# Magic College Group RP



## Wolf22red (May 14, 2018)

Spidril University is a rather strange college. Spidril is located in an isolated hilly valley. There is a lake on the college grounds as well as a small forest surrounding it. The thing that makes this college different from other colleges is that its students are magic users.
The reason the college is isolated is because of the worlds bias towards magic and 'witches'. Today is the start of a new college year and a group of new students.

(Rules)
1: When you join let us know about your character.
2: This RP is SFW so nothing lewd should happen, if you want to do something NSFW then take it into a private conversation.
3: Have fun.


----------



## nikolai_resnov (May 14, 2018)

This actually sounds fun


----------



## Wolf22red (May 14, 2018)

the idea came to me while I was in class


----------



## nikolai_resnov (May 14, 2018)

Awesome, i'm running a post apocalyptic thread at the moment, but if you set up this as an rp i'd be willing to join it


----------



## Asassinator (May 14, 2018)

Interesting... I’d like to see how this plays out.


----------



## Dreva (May 14, 2018)

Count me in!


----------



## Belladonna_Mandrake (May 14, 2018)

Would you like a real witch in your RP?


----------



## Izar (May 14, 2018)

I'd like to join


----------



## Dreva (May 15, 2018)

Count me in!


----------



## Wolf22red (May 15, 2018)

I can make a conversation and try to invite you all to it but since I only have access to a 2DS it may take a while. Or I can make this thread the RP.


----------



## Asassinator (May 15, 2018)

Wolf22red said:


> I can make a conversation and try to invite you all to it but since I only have access to a 2DS it may take a while. Or I can make this thread the RP.
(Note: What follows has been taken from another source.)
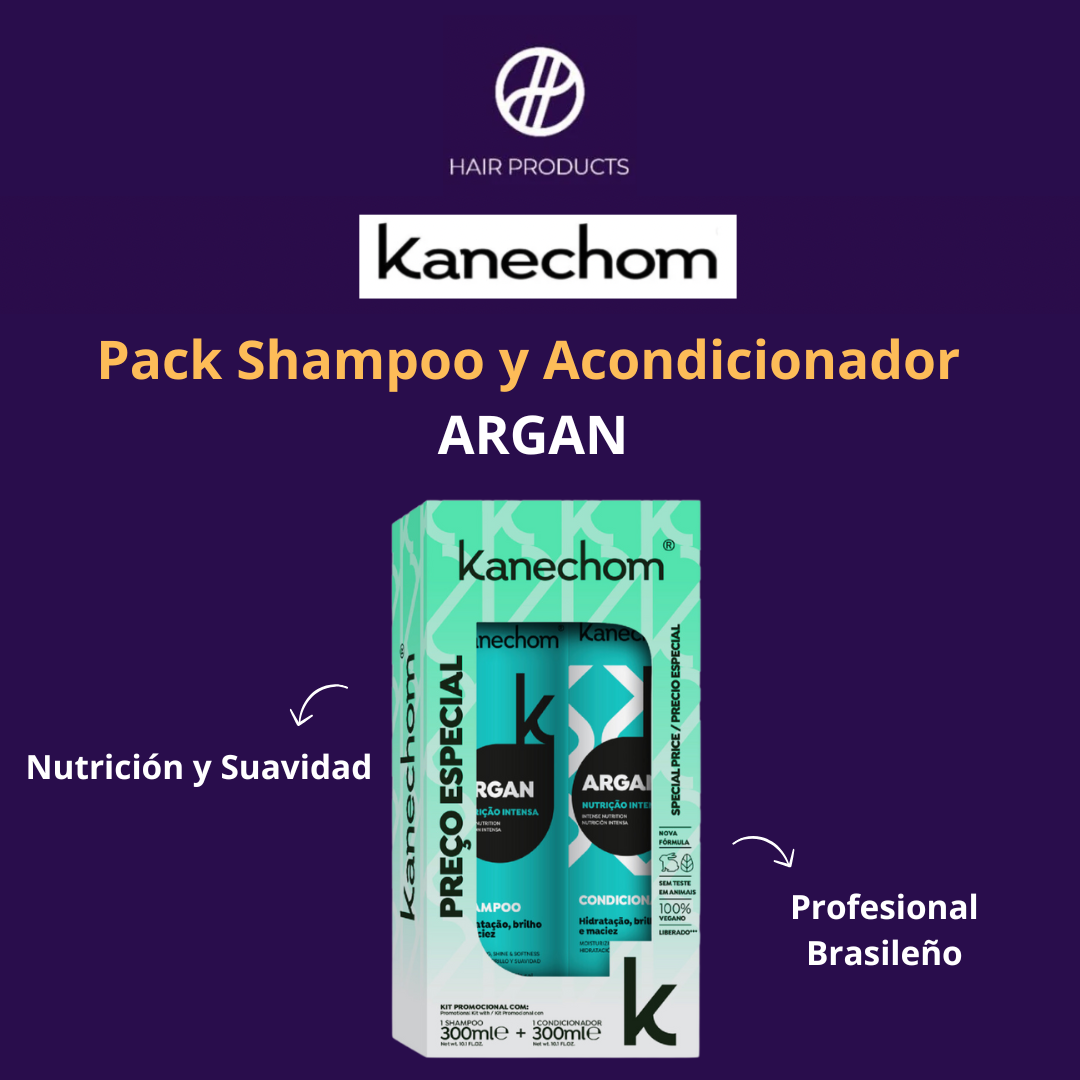 Pack Shampoo + Acondicionador Argan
You should just convert this thread. Rename the title, and make a new introduction post (message)


----------



## Wolf22red (May 15, 2018)

I will make it later


----------



## Asassinator (May 15, 2018)

I’m going to sleep now so I have loads of time to wait.


----------



## Wolf22red (May 15, 2018)

I'll convert the thread to a RP during my next class.


----------



## Asassinator (May 15, 2018)

Wolf22red said:


> I'll convert the thread to a RP during my next class.


Class?! You’re doing this in school?


----------



## nikolai_resnov (May 15, 2018)

Lol Sneaky


----------



## Wolf22red (May 15, 2018)

I get my stuff done early so I can be on my DS. Should I delete the earlier messages ?


----------



## Asassinator (May 15, 2018)

Wolf22red said:


> I get my stuff done early so I can be on my DS. Should I delete the earlier messages ?


It doesn’t matter, just get on with it! 

(JK no rush)


----------



## Wolf22red (May 15, 2018)

Can you make the RP Assassinator ? My DS just disconnected from the Wi-Fi while I typed and refreshed when I was done, doing so erased my hard work. So can you make the group RP ?


----------



## Kiaara (May 15, 2018)

I would like to join if its not anything lewd ^w^


----------